The US military says it will deploy its Terminal High-Altitude Area Defense (THAAD) system to South Korea within eight to 10 months.
Vincent Brooks, the commander of US forces in South Korea, made the remarks in an interview with the Yonhap news agency on Friday.
Brooks said the missile deployment on the Korean Peninsula would have a deterrent effect against what he called North Korean provocations, according to the agency.
He also said the THAAD anti-missile system battery would be bigger than one deployed in Guam, an American territory in the western Pacific Ocean.
US and South Korean governments are reportedly also discussing for the deployment of rotating strategic weapons onto the Korean Peninsula as deterrence.
The United States and South Korea have agreed to deploy the THAAD system in the Southeast Asian country to protect it against North Korean threats.
China, North Korea's main ally, is strongly opposed to the plan, but has expressed its anger over North Korea’s repeated missile and nuclear tests in the region.
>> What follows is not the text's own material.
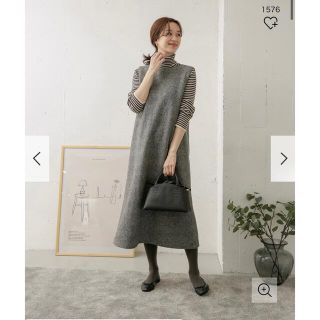 アーバンリサーチ(URBAN RESEARCH)の新品☆アーバンリサーチ☆ウールカットジャンパースカート(ロングワンピース/マキシワンピース)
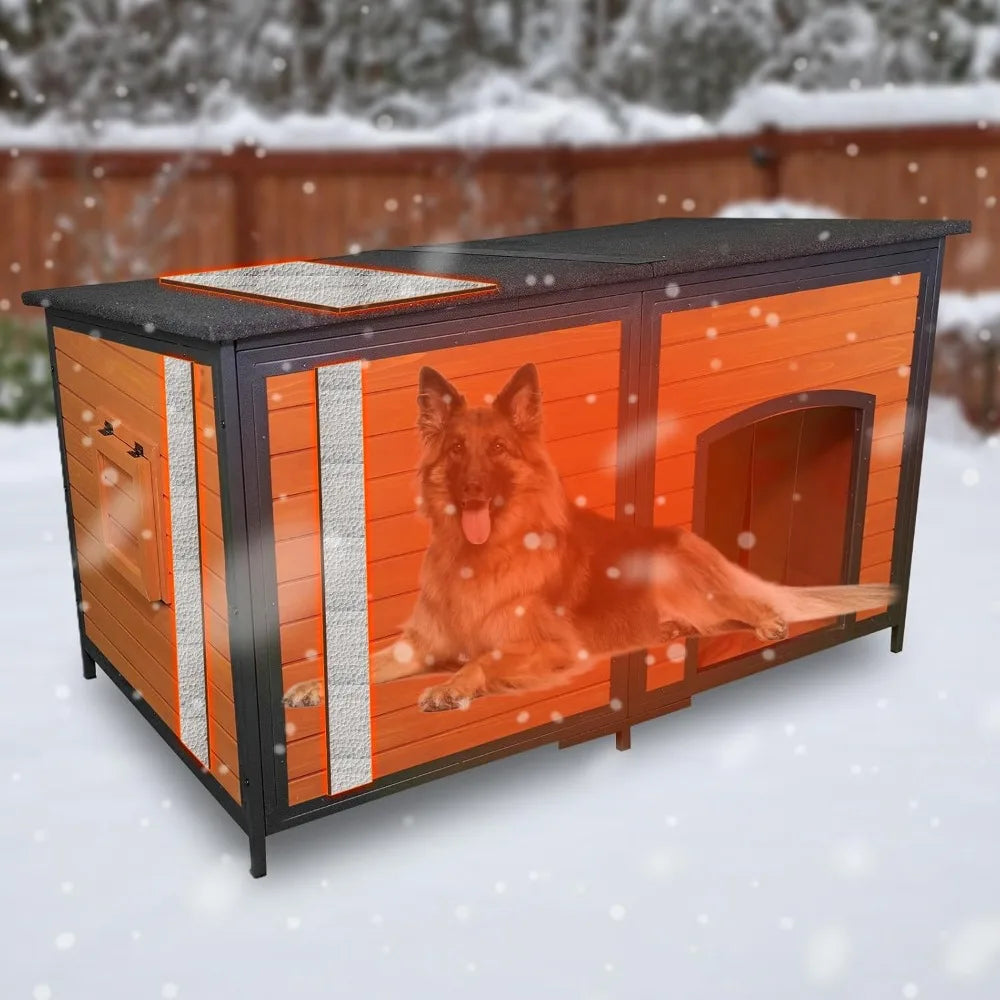 All-Weather Insulated Outdoor Dog House with Foam Insulation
Pyongyang says the tests aim to
protect itself from the US military, which occasionally deploys nuclear-powered warships and aircraft capable of carrying atomic weapons in the region.
North Korea has been at odds with the South since the end of the Korean War of the early 1950s. An armistice ended all military hostilities between the two Koreas back then, but no peace deal ever ensued, meaning that, while the two countries are not at war, they are not at peace, either.
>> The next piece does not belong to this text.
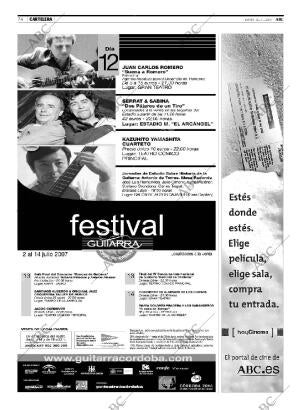 ABC CORDOBA 12-07-2007 página 74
Although the US has a record of sending advanced weaponry to the Korean Peninsula amid heightened tensions between the two neighbors, such flights near the world’s most heavily fortified border are unusual.
In September, two US B-1B strategic bombers flew over South Korea and then approached North Korea’s border, according to US officials.
South Korean media reported that both bombers flew over a front-line US firing range located about 30 kilometers (19 miles) from the border.
One of the nuclear-capable supersonic bombers landed at Osan Air Base, near Seoul, the capital of South Korea -- a first in two decades. The four-engine bomber will stay at the base for an unspecified period of time.